What to work on => Each line in the data holding "farm" should be listed.

Stored entries
○ ○ ○ ○ ○

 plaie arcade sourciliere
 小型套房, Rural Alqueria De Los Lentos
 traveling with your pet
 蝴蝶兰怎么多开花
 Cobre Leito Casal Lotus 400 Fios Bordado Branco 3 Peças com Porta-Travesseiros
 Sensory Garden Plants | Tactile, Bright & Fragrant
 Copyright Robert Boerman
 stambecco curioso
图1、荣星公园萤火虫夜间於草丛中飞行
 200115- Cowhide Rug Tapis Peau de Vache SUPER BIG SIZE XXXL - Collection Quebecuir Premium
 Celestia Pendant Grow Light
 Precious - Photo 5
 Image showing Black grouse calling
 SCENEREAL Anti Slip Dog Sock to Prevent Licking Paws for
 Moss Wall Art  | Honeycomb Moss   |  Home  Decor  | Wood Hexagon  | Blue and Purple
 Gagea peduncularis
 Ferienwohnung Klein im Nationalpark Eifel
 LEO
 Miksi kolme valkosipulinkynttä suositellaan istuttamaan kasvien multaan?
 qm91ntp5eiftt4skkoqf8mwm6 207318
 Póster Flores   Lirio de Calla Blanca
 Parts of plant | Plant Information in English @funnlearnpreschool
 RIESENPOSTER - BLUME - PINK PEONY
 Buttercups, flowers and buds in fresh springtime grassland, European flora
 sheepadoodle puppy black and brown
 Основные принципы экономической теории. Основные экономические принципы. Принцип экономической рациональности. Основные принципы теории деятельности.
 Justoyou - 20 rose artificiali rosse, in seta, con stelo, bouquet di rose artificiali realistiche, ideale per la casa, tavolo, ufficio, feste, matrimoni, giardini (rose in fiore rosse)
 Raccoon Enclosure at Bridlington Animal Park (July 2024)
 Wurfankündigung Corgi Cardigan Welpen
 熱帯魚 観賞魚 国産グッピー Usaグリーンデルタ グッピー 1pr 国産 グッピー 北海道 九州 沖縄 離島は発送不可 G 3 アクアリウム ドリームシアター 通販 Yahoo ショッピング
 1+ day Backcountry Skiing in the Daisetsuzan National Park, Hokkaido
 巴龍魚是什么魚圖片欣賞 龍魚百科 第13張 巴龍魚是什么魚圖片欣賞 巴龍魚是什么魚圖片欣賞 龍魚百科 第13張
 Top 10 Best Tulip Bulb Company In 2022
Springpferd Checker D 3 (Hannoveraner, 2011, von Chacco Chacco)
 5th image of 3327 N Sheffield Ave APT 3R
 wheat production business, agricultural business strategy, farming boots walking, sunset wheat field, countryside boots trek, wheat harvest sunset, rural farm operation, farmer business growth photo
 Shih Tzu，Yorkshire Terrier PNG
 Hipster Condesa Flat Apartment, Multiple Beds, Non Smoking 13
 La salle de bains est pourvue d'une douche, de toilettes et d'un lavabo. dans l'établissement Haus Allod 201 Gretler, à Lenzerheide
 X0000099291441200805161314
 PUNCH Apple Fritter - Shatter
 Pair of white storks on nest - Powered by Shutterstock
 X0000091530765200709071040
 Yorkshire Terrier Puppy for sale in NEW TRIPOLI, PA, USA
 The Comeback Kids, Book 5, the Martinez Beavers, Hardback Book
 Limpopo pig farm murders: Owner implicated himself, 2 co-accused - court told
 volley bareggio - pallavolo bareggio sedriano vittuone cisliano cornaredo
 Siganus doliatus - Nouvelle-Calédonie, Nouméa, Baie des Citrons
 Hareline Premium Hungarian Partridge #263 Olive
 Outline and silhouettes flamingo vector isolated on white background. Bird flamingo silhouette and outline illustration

○ ○ ○ ○ ○

Answer below =>
 wheat production business, agricultural business strategy, farming boots walking, sunset wheat field, countryside boots trek, wheat harvest sunset, rural farm operation, farmer business growth photo
 Limpopo pig farm murders: Owner implicated himself, 2 co-accused - court told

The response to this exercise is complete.